Lonny looks at me and smiles. He's taking the boys to spend the night with grandparents. Then he and I are having a date.

"Love you, Mama," Zay says. He hugs me hard and pushes through the porch door with two backpacks and Mine-O-Mine, his special blanket.

Grant will drive over after work, but Gabe and Samuel go with Lonny now. There are hugs and I'll miss yous. There are kisses thrown over shoulders. There are waves. There are see-you-in-the-mornings and don't-forget-to-prays and an Oops! I forgot my toothbrush.

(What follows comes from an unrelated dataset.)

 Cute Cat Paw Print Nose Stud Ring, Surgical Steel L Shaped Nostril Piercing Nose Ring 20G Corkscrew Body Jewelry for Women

At last they're loaded and I walk outside and stand by the fence as the van moves down our drive. It's vehicle full of precious. I wrap my hands around wrought iron and whisper a prayer for their safety. For their grandparents.

I love these boys like wild.

But I'm excited to see them go.

I trudge through gold leaves (they'll just have to wait) and head back into the house. Lonny will be back in an hour.

There's just enough time to get ready.

Just enough time to fall flat with the flu.

It hits hard and fast and anything romantic is gone before Lonny returns. But when he gets home, he loves me with that caregiver kind of love. He rubs my back. He holds me close. He loves me well when I'm well past lovely.


And the next afternoon he returns for the boys.

They come in a burst of excitement and life and I'm still camped on the couch. They've heard that I've been sick and they come full force.

Grant bends low and wraps his arms around me. Zay rushes in with a cupcake saved from lunch. Samuel asks if I'd like some music. He finds his guitar and the room is filled with song. Gabe comes last. He's snipped the final pink rose from the bush by the walk. It's floating in a drinking glass. He walks slowly. Eyes on the glass. Eyes on me.

I settle into my blankets. The aches aren't so bad because the room has grown so full.

Lonny walks in. He's got an armload. There are backpacks and blankets and pillows and more.

The boys are home. Things hadn't gone as planned.

But there's an enchanted evening after all.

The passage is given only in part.